To return a gingivitis patient to a state of health, they would need to demonstrate the following parameters: <3mm pocket depths and <10% bleeding on probing. And a periodontitis patient would need to demonstrate <4mm pocket depths and <10 bleeding on probing with no 4mm pockets bleeding.2 In the case of periodontitis, this would also include the stability in attachment loss.

Nonsurgical periodontal therapy can entail anywhere from one to six additional debridement appointments and local anesthetic for quadrant or sextant scaling, plus an additional post-care appointment. Adjunctive therapy, such as chemotherapeutic agents or host modulation therapy, may also be necessary.
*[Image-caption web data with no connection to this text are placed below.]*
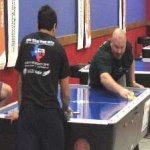 image of sport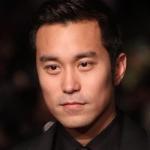 Hsiao-chuan Chang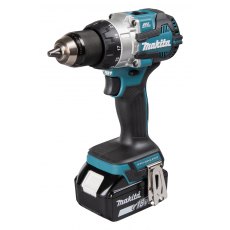Makita DHP489Z LXT 18v Hammer Driver Drill Bare Tool Makita DHP489Z LXT 18v Hammer Driver Drill Bare Tool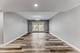 5721 Circle Unit 202, Oak Lawn, IL 60453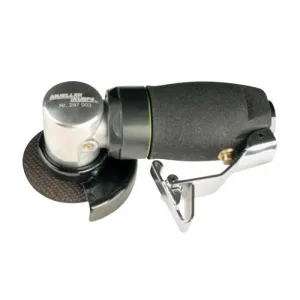 Product image for 297 003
As for the term “cleaning,” it doesn’t exist in the dental literature. Instead, we should be using the term “periodontal maintenance therapy,” which best describes what we understand to be a cleaning appointment. Periodontal maintenance therapy is a term from the literature that “refers to the continued patient care provided by members of the dental team to help a patient maintain periodontal health following the successful completion of nonsurgical or surgical periodontal therapy.”1 The operative words are “maintenance of health.” If a patient doesn’t have a healthy state and/or you have never successfully achieved a healthy state, then a patient does not require “periodontal maintenance therapy;” he or she requires “nonsurgical periodontal therapy.”

So, the easiest way to describe the difference between the need for a cleaning or NSPT to your patient, is: “A cleaning is for patients who have healthy tissues, and nonsurgical periodontal therapy is for patients who don’t have healthy tissues.” At this point, you can discuss with your patients what the parameters of health for their disease condition should be and based on their assessments where they are in comparison, plus what therapies will be needed to get them to health.

Although the term “cleaning” continues to be used by team members and patients alike, make sure the entire team understands the difference between the two terms and the best way to explain this difference to patients. Better yet, have the team delete the term “cleaning” from their vocabulary and switch to “periodontal maintenance,” and before long your patients will be referring to it the same way.


  1. Foundations of Periodontics for the Dental Hygienist, Enhanced 5th Edition, jill S. Gehrig, Daniel E. Shin and Donald E. Willmann.
  2. Lang NP, Bartold PM. Periodontal health. J Periodontol. 2018;89(Suppl 1): S9–S16.